◆ Required work ◆
Write out, word for word, every line from the one where "Coeusy Scalloped Wicker" occurs to the final line of the entries, and nothing beyond them.

◆ Data shown ◆
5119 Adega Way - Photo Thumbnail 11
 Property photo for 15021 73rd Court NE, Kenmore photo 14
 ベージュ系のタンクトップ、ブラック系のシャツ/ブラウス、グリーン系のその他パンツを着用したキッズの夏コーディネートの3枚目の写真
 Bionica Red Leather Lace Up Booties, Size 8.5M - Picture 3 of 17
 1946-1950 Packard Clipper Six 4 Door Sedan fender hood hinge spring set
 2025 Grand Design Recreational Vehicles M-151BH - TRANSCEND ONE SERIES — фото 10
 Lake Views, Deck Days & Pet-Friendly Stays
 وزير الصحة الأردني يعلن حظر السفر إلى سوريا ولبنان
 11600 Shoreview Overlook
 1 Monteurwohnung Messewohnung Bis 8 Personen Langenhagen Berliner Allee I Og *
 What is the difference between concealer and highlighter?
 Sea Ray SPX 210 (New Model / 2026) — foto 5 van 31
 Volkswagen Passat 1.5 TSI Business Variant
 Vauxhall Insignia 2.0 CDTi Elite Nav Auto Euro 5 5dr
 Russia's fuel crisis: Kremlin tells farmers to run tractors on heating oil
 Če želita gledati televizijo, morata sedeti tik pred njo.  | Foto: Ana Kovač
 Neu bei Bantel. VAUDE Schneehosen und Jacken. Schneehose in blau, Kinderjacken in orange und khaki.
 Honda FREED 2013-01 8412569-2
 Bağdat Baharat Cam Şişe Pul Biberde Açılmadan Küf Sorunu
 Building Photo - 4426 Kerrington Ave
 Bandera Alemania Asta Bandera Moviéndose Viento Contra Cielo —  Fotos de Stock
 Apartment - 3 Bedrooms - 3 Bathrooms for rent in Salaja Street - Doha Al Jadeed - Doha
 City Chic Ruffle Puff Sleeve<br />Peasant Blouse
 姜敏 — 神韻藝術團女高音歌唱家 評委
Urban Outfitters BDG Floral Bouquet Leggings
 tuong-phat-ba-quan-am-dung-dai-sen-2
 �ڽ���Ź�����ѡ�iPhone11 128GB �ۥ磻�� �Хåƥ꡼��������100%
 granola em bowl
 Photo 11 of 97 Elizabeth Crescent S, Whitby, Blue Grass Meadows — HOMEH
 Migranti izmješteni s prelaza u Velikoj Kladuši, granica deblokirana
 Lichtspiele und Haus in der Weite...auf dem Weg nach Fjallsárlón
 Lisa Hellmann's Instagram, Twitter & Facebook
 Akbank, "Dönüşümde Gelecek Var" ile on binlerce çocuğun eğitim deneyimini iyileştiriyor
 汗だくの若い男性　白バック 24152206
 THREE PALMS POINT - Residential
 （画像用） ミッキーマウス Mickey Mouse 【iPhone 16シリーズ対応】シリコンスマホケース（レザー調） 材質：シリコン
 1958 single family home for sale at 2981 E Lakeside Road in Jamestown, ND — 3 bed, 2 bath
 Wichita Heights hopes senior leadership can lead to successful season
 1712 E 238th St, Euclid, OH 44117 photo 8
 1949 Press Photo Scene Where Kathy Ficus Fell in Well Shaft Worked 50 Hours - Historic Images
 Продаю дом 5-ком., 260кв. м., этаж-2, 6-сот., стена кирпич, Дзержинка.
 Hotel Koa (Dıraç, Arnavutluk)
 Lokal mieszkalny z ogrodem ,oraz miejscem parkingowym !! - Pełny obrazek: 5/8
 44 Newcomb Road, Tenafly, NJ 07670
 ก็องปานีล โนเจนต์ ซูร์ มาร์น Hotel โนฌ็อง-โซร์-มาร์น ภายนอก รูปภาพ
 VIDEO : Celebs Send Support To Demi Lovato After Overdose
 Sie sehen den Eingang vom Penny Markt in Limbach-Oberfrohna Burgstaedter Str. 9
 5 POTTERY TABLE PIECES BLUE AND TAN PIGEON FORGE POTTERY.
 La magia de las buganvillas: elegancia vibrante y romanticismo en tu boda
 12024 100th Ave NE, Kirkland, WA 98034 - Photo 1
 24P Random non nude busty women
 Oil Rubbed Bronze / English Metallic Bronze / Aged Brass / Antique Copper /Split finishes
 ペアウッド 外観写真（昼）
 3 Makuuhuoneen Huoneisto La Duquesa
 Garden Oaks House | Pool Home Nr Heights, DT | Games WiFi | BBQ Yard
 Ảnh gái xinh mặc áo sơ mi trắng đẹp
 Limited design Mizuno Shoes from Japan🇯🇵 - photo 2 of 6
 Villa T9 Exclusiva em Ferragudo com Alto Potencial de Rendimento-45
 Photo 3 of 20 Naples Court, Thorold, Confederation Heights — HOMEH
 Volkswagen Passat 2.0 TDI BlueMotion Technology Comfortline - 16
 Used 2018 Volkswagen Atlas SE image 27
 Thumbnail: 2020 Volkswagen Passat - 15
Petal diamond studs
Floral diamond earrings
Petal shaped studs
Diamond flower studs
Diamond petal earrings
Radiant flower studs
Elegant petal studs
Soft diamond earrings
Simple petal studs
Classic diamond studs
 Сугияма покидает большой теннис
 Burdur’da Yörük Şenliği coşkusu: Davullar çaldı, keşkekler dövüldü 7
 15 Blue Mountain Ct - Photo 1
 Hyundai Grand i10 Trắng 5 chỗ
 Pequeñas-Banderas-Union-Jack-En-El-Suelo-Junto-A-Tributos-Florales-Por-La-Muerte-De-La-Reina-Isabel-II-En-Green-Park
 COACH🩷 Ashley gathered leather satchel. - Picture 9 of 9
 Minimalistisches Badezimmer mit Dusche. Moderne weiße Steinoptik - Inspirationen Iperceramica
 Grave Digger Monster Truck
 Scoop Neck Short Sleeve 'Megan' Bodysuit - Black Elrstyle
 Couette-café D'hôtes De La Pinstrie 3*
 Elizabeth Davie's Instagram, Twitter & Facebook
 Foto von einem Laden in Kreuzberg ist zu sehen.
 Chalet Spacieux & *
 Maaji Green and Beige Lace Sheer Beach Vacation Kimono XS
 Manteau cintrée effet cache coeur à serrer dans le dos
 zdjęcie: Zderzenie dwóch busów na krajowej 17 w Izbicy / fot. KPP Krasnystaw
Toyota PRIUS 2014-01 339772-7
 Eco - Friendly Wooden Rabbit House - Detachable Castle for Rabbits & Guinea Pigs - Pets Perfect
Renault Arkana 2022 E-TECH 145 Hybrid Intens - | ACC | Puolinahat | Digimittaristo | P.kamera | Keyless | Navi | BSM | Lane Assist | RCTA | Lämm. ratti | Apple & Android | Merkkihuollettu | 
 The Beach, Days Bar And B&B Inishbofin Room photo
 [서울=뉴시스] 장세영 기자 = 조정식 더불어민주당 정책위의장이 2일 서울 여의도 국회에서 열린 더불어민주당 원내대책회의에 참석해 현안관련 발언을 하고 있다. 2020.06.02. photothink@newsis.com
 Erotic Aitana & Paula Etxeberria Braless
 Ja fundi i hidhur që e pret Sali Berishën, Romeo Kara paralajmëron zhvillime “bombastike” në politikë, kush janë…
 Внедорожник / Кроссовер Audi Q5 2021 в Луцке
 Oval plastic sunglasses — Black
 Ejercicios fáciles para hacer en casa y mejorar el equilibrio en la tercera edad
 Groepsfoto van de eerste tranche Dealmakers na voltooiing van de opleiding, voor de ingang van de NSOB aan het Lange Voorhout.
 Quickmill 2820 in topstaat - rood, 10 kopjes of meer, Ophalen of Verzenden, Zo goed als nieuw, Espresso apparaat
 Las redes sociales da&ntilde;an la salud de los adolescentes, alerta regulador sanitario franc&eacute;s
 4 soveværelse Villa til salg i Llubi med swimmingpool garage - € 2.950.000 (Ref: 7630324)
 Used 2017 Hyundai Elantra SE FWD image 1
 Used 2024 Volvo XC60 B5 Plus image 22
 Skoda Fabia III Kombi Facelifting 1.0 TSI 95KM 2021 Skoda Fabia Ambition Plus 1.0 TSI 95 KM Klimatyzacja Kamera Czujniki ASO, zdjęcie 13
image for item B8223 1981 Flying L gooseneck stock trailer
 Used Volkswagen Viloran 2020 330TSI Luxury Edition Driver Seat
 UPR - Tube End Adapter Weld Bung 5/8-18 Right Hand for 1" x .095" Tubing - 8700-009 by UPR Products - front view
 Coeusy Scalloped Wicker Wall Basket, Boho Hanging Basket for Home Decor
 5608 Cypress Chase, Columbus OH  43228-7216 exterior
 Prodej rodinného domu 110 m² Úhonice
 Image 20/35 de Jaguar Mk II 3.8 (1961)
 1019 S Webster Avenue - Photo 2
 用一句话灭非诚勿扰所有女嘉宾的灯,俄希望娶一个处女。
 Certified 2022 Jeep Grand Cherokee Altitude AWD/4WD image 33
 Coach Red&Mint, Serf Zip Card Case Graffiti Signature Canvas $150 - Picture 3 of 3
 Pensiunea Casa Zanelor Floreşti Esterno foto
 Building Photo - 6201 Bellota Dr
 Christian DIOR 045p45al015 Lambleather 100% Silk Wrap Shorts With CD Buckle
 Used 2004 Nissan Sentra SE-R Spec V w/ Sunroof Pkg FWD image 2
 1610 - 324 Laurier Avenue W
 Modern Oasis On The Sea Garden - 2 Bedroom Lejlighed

◆ Completed task ◆
 Coeusy Scalloped Wicker Wall Basket, Boho Hanging Basket for Home Decor
 5608 Cypress Chase, Columbus OH  43228-7216 exterior
 Prodej rodinného domu 110 m² Úhonice
 Image 20/35 de Jaguar Mk II 3.8 (1961)
 1019 S Webster Avenue - Photo 2
 用一句话灭非诚勿扰所有女嘉宾的灯,俄希望娶一个处女。
 Certified 2022 Jeep Grand Cherokee Altitude AWD/4WD image 33
 Coach Red&Mint, Serf Zip Card Case Graffiti Signature Canvas $150 - Picture 3 of 3
 Pensiunea Casa Zanelor Floreşti Esterno foto
 Building Photo - 6201 Bellota Dr
 Christian DIOR 045p45al015 Lambleather 100% Silk Wrap Shorts With CD Buckle
 Used 2004 Nissan Sentra SE-R Spec V w/ Sunroof Pkg FWD image 2
 1610 - 324 Laurier Avenue W
 Modern Oasis On The Sea Garden - 2 Bedroom Lejlighed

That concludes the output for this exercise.